Baltazar se sentía como paralizado. En su interior, era como un saco de serrín. El otro lo notaba inmediatamente.

– Sales por la mañana; frente a tu casa, hay rocío, los pájaros cantan, ¿algo de esto es para ti? No, tú solamente cuentas. Para ti es tan sólo un día más, y otro y otro. Con tal de ir tirando. Como un caballo castrado. ¿Cómo era antes? No te entretenías en contar. Cantabas. Y ahora, ¿qué? Miras los robles, pero te parecen estopa. A lo mejor, ni existen. En los libros describen muy bien esto. Pero tú nunca sabrás cómo lo han descrito. Si alguien lleva dentro de sí un fardo como el tuyo, más vale que se cuelgue de una vez, porque llega un momento en que va por el mundo sin saber si no estará soñando. Esto está en los libros. ¿Te colgarás? No.

– ¿Por qué otros son felices y yo no?

– Pues porque a cada uno le ha sido dado un hilo, que será su destino. O bien se coge de su cabo, y uno entonces se alegra de que todo le vaya como es debido, o bien no se logra cogerlo. Tú no has sabido. Tú no has buscado tu propio hilo, sino que has estado observando a unos y otros para tratar de ser como ellos. Pero lo que para ellos significa felicidad, para ti ha sido desgracia.

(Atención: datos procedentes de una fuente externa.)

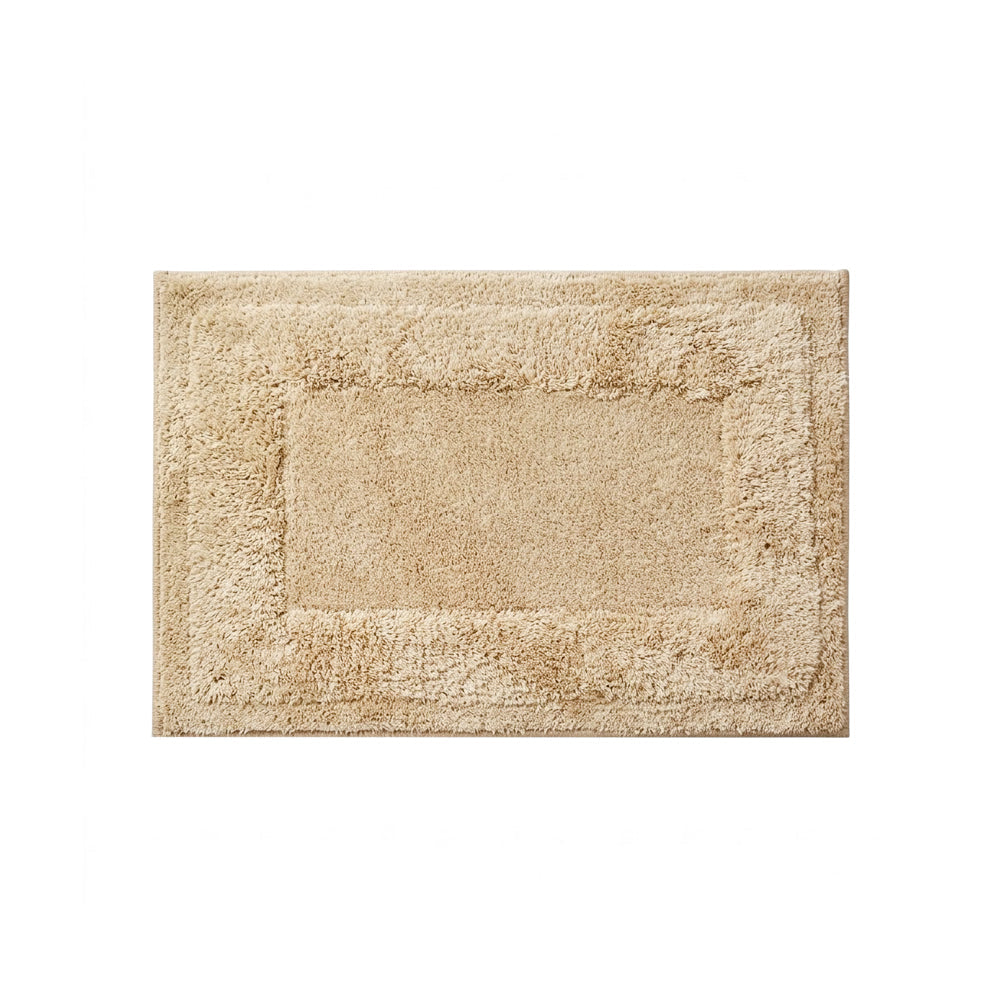 FLOOR MAT IR 40X60 DD-6 Default Title - MamasJan Household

– ¿Qué debo hacer, pues? Dime.

– Nada, ya es demasiado tarde. Demasiado tarde, Baltazar. Pasan los días y las noches, y cada vez tienes menos valor. No te queda valor ni para colgarte, ni para huir. Te quedarás aquí, pudriéndote.

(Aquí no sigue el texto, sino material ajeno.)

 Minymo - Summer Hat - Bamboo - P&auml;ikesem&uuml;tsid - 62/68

La cerveza salía de la jarra con su turbio chorro, bebía, pero, en su interior, todo estaba ardiendo. El otro sonreía.

– En cuanto a tu secreto, no es menester que te atormentes. Nadie lo descubrirá. Quedará sólo entre tú y yo. ¿No estamos todos condenados a morir? ¿No es lo mismo un poco antes que un poco después? Aquel hombre era joven, es cierto. Pero había estado mucho tiempo en la guerra, y en su pueblo ya se habían olvidado un poco de él. La mujer seguirá un tiempo aún llorándole, pero acabará consolándose. Su hijo pequeño, tan gordito, le echaba los bracitos al cuello, pero era demasiado pequeño, no se acuerda del padre. Lo que ahora debes evitar, cuando estés bebido, es contar a la gente que tienes no sé qué crímenes sobre la conciencia.